Exercise directions>
Line by line, repeat the data below exactly, beginning at the first line and ending at the line with "Hi. In this". Omit pictures.
Source data Block Start
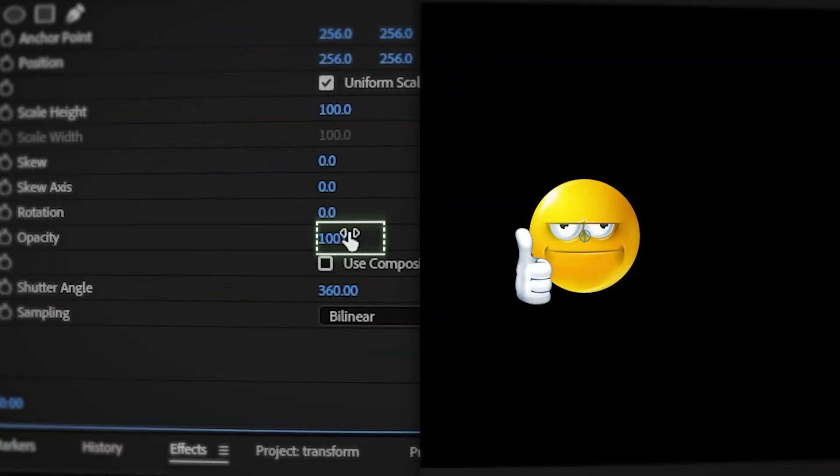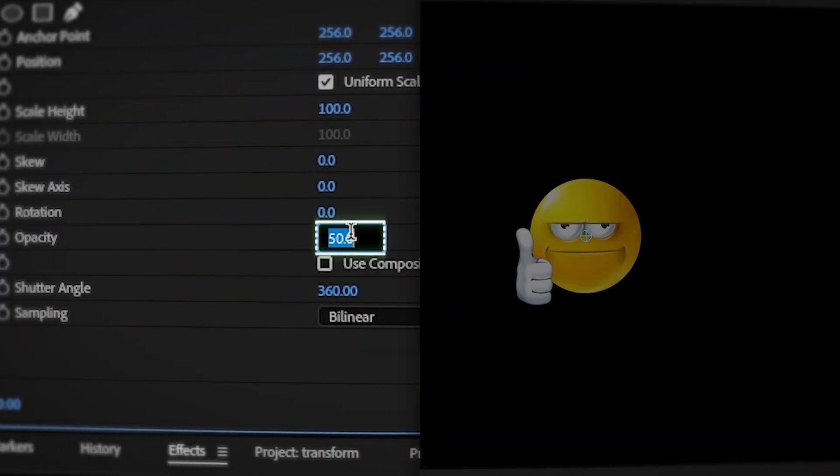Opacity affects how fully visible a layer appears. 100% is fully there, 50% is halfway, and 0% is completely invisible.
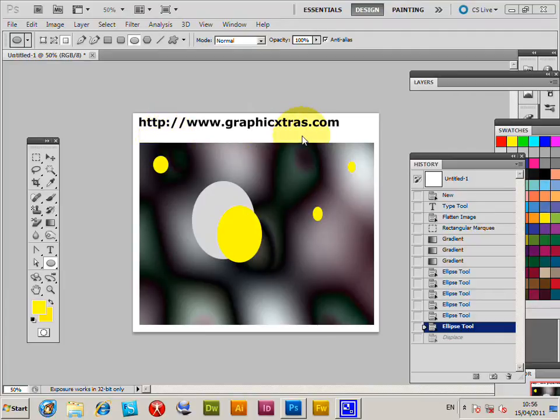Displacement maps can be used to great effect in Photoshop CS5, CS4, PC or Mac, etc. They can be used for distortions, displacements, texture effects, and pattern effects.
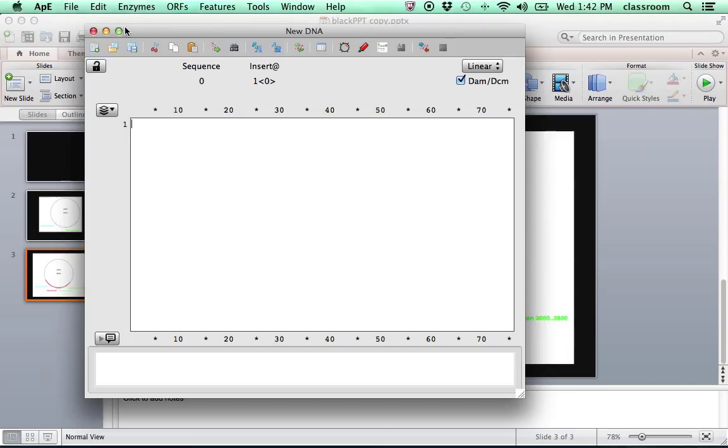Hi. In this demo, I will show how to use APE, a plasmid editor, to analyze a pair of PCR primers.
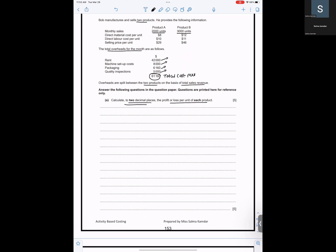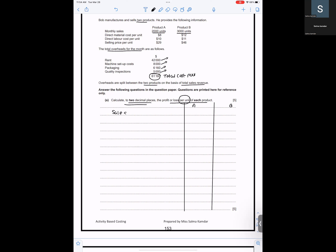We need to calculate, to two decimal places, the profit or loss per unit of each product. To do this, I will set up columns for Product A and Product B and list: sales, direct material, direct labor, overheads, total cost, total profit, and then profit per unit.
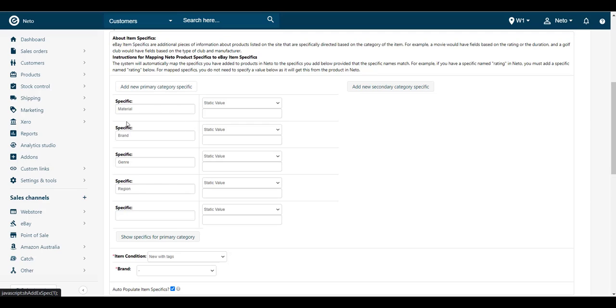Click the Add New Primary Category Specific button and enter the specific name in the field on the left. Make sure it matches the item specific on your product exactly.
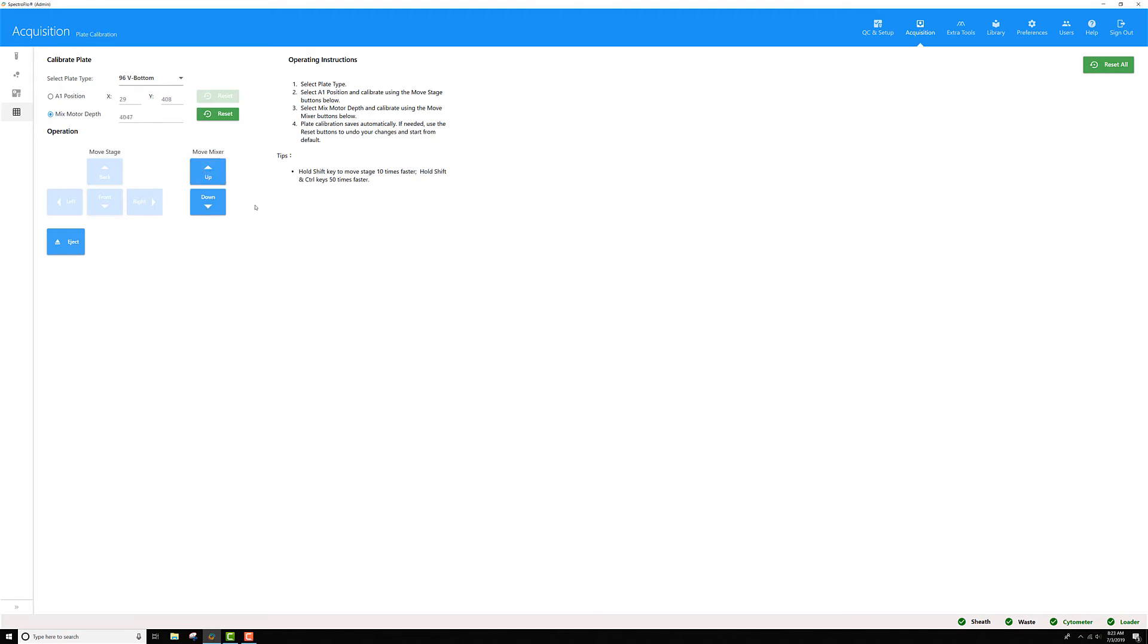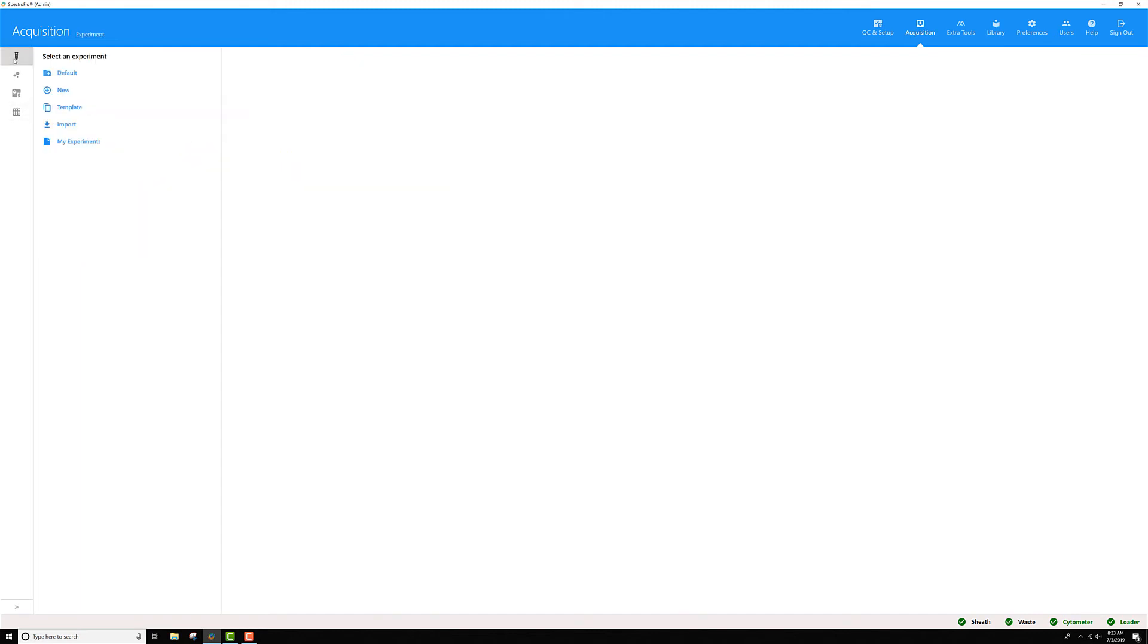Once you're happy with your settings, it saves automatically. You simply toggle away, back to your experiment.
Source data Block End
Result of the exercise>
Opacity affects how fully visible a layer appears. 100% is fully there, 50% is halfway, and 0% is completely invisible.
Displacement maps can be used to great effect in Photoshop CS5, CS4, PC or Mac, etc. They can be used for distortions, displacements, texture effects, and pattern effects.
Hi. In this demo, I will show how to use APE, a plasmid editor, to analyze a pair of PCR primers.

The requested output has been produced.